Ehl-i kelâm, felsefî meselelerde ve ulûm-u kevniyeye mana-yı harfiyle, istidlâl için tebeî bir nazar ile bakıyor. Hatta şemsin sirac olması, arzın beşik, cibalin evtad olması, ehl-i kelâmın müddealarını isbata kâfidir. Hattâ ehl-i kelâmın reyleri, hiss-i umumiye ve tearüf-ü amme mutabık olduktan sonra, vakıa mutabık olmasa bile onların müddeasına zarar vermez ve tekzibe de mustahak olmazlar. Bunun içindir ki, ehl-i kelâmın reyleri mesail-i felsefiyede edna ve zaif görünür. Ama mesail-i ilâhiyede demirden daha metindir.

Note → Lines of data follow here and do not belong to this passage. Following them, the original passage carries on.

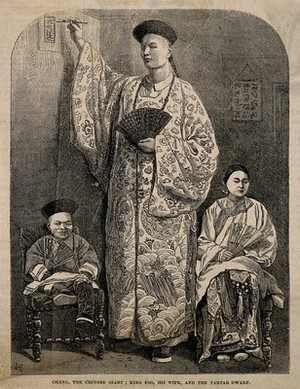 view Chang Yu-sing the Chinese giant, with his wife King-Foo,and Chung Mow, a dwarf. Wood engraving.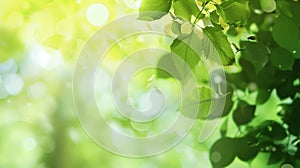 Blurred background of green leaves with bokeh effect,atmosphere of spring or summer wallpaper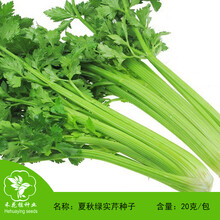 禾花楹 芹菜种子 夏秋绿实芹种子 实心芹菜籽抗病高产耐寒耐热 香芹种子 蔬菜种籽 芹菜種籽20克/包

İ’lem eyyühe’l-aziz! Cenab-ı Hakkın günahkârları affetmesi fazl’dır, tazib etmesi adl’dir. Evet zehiri içen adam, âdetullaha nazaran hastalığa, ölüme kesb-i istihkak eder. Sonra hasta olursa, adl’dir. Çünkü cezasını çeker. Hasta olmadığı takdirde, Allah’ın fazlına mazhar olur. Masiyet ile azab arasında kavi bir münasebet vardır. Hatta ehl-i i’tizal, masiyet hakkında doğru yoldan udûl ile masiyeti, şerri Allah’a isnad etmedikleri gibi, masiyet üzerine tazibin de vacib olduğuna zehab etmişlerdir. Şerrin azabı istilzam ettiği, rahmet-i ilâhiyeye münafi değildir. Çünkü şer, nizam-ı âlemin kanununa muhaliftir.